*** DATA LISTING

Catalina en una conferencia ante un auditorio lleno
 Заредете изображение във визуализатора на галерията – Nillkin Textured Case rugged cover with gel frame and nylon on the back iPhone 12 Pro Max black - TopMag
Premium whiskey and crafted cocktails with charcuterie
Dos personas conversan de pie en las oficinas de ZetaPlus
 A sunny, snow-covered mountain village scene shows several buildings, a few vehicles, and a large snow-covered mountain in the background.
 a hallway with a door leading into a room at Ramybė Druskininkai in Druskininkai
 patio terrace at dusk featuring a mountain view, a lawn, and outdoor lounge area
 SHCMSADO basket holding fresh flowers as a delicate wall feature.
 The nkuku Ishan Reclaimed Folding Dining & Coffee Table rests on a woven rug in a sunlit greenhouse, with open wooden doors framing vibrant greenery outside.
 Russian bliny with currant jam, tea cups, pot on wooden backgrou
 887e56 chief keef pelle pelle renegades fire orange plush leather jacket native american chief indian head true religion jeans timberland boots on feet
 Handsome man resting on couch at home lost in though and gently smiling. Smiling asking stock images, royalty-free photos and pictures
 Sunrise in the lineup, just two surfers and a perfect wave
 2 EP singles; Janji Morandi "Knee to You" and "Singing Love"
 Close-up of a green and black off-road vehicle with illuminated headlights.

******

• DIRECTIONS:
From the first line to the last, copy the records exactly as they appear above.

• RESULT:
Catalina en una conferencia ante un auditorio lleno
 Заредете изображение във визуализатора на галерията – Nillkin Textured Case rugged cover with gel frame and nylon on the back iPhone 12 Pro Max black - TopMag
Premium whiskey and crafted cocktails with charcuterie
Dos personas conversan de pie en las oficinas de ZetaPlus
 A sunny, snow-covered mountain village scene shows several buildings, a few vehicles, and a large snow-covered mountain in the background.
 a hallway with a door leading into a room at Ramybė Druskininkai in Druskininkai
 patio terrace at dusk featuring a mountain view, a lawn, and outdoor lounge area
 SHCMSADO basket holding fresh flowers as a delicate wall feature.
 The nkuku Ishan Reclaimed Folding Dining & Coffee Table rests on a woven rug in a sunlit greenhouse, with open wooden doors framing vibrant greenery outside.
 Russian bliny with currant jam, tea cups, pot on wooden backgrou
 887e56 chief keef pelle pelle renegades fire orange plush leather jacket native american chief indian head true religion jeans timberland boots on feet
 Handsome man resting on couch at home lost in though and gently smiling. Smiling asking stock images, royalty-free photos and pictures
 Sunrise in the lineup, just two surfers and a perfect wave
 2 EP singles; Janji Morandi "Knee to You" and "Singing Love"
 Close-up of a green and black off-road vehicle with illuminated headlights.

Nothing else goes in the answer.